I have mixed feelings about this one. The book *feels* satisfying to flip through. It even smells like an older library book. I opted to read through the entire thing (annotations included) in one go and didn’t find it too overwhelming
given that each “pass” by Jen and Eric is color coded. They break this pattern in a few places (mentions of Eric’s hurt leg in the red/purple pass don’t occur in order, nor does the fallout of Jen’s parents’ visit), but using these events as landmarks helps to ground you as you read. 

The “Ship of Theseus” text takes a back seat to the marginalia. It is primarily a vehicle for the meta narrative and wouldn’t stand well alone. I found its themes of identity and choice (etc.) to be on the nose. The surreal elements were fun- especially the implications of time distortion and alternate “realities” for S. and Sola. Despite this, it remains unfortunately plain. I kept trying to find meaningful excerpts to highlight, hoping they’d be relevant to some greater mystery or symbolism, and coming up short. Everything important was already highlighted by Eric or Jen- or laid out directly in the text.

By the mid-late half, Eric and Jen’s discussions of love and the meaning of life become cloying and repetitive. The stalker/arson side plot never goes anywhere. In fact- nothing much goes anywhere at all. You could read the book backwards and the experience would stay the same. I’m left not buying that the stakes were ever really high for Jen and Eric. 

As a final side note- I wish that the ciphers solved by Jen were written out away from the footnotes.
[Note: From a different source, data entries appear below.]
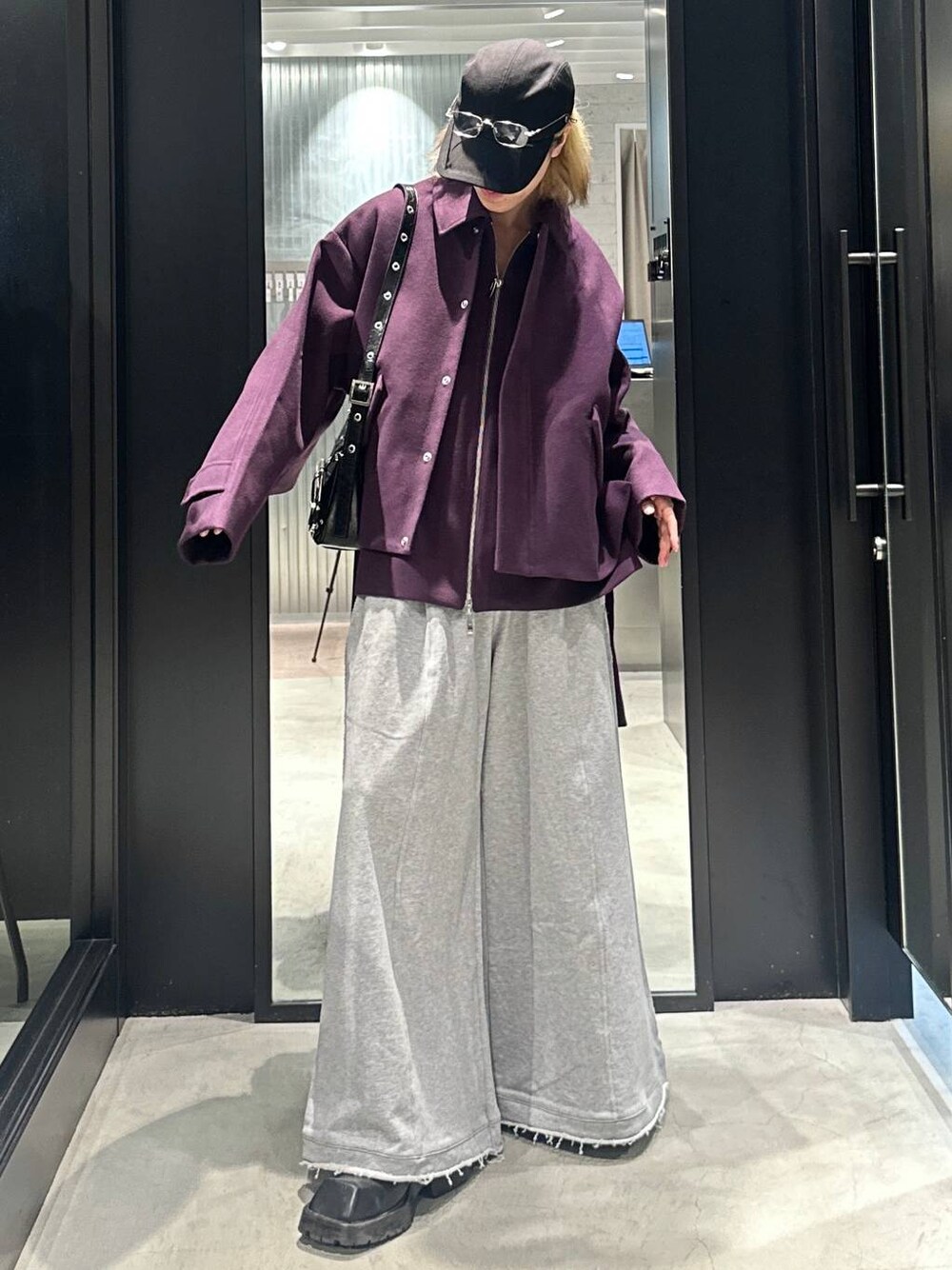 グレー系のスウェットパンツ、ブラック系のショルダーバッグ、パープル系のブルゾンを着用したメンズの秋コーディネートの1枚目の写真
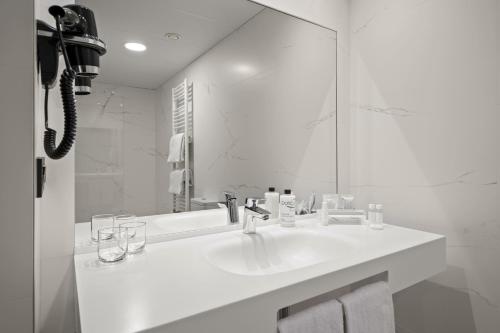 奥维多Hotel Zentral Ramiro I Oviedo的白色的浴室设有水槽和镜子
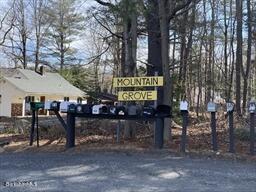 106 Shore Road Becket, MA 01223 - Photo 22 of 25 a sign that is on the side of the road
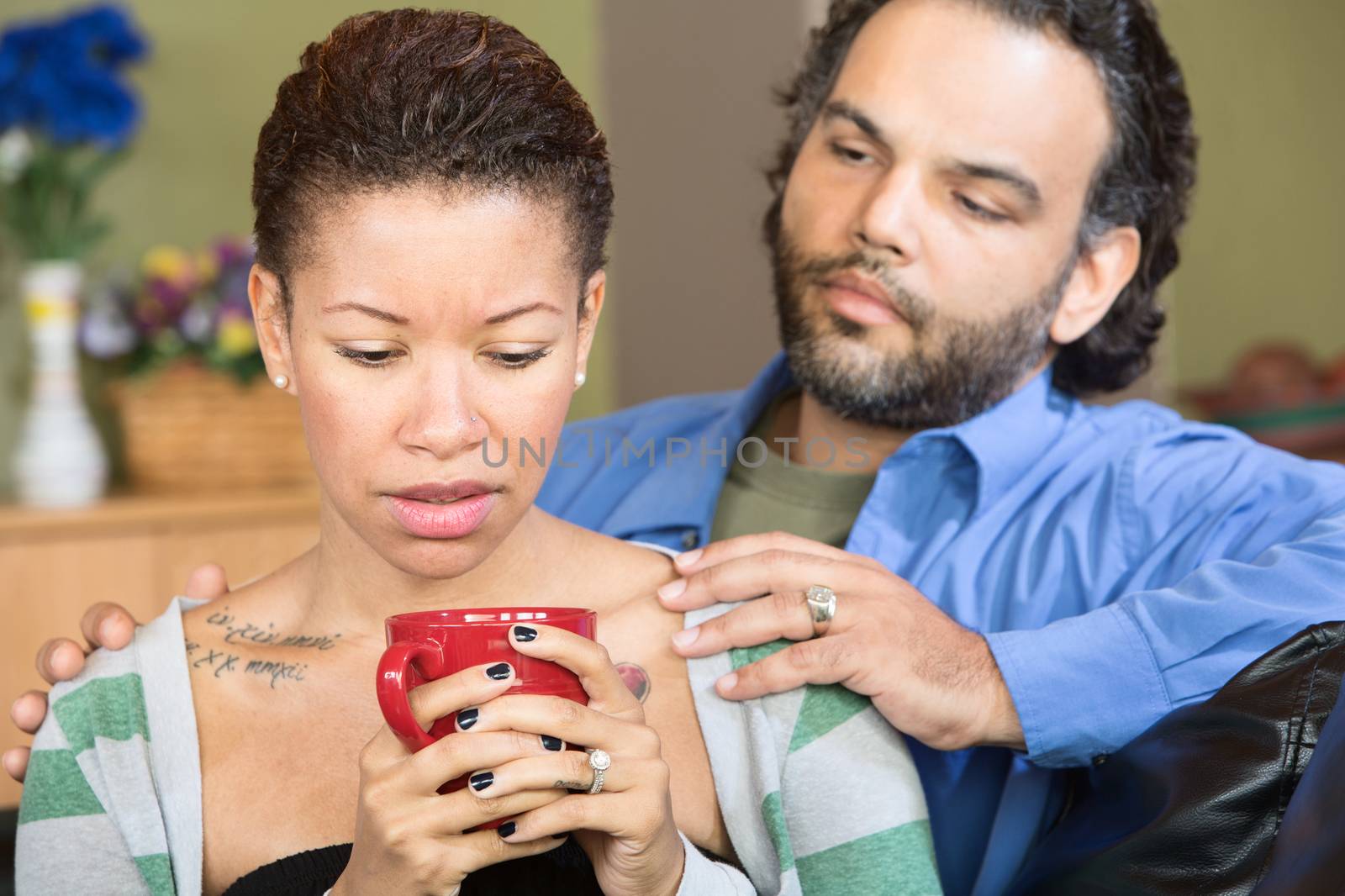 Sad woman with tattoo and concerned man with beard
It’s really hard to ignore the answer spelled out in bold text when you’re trying to collect info from the footnotes before giving it a go yourself.
 

All that being said- I do recommend reading it if this kind of fiction is your thing! If only for the experience, not necessarily the substance.

I can’t tell if I’m annoyed or not that a genuine answer to this mystery could be “the real V.M. Stratka was the friends we made along the way.”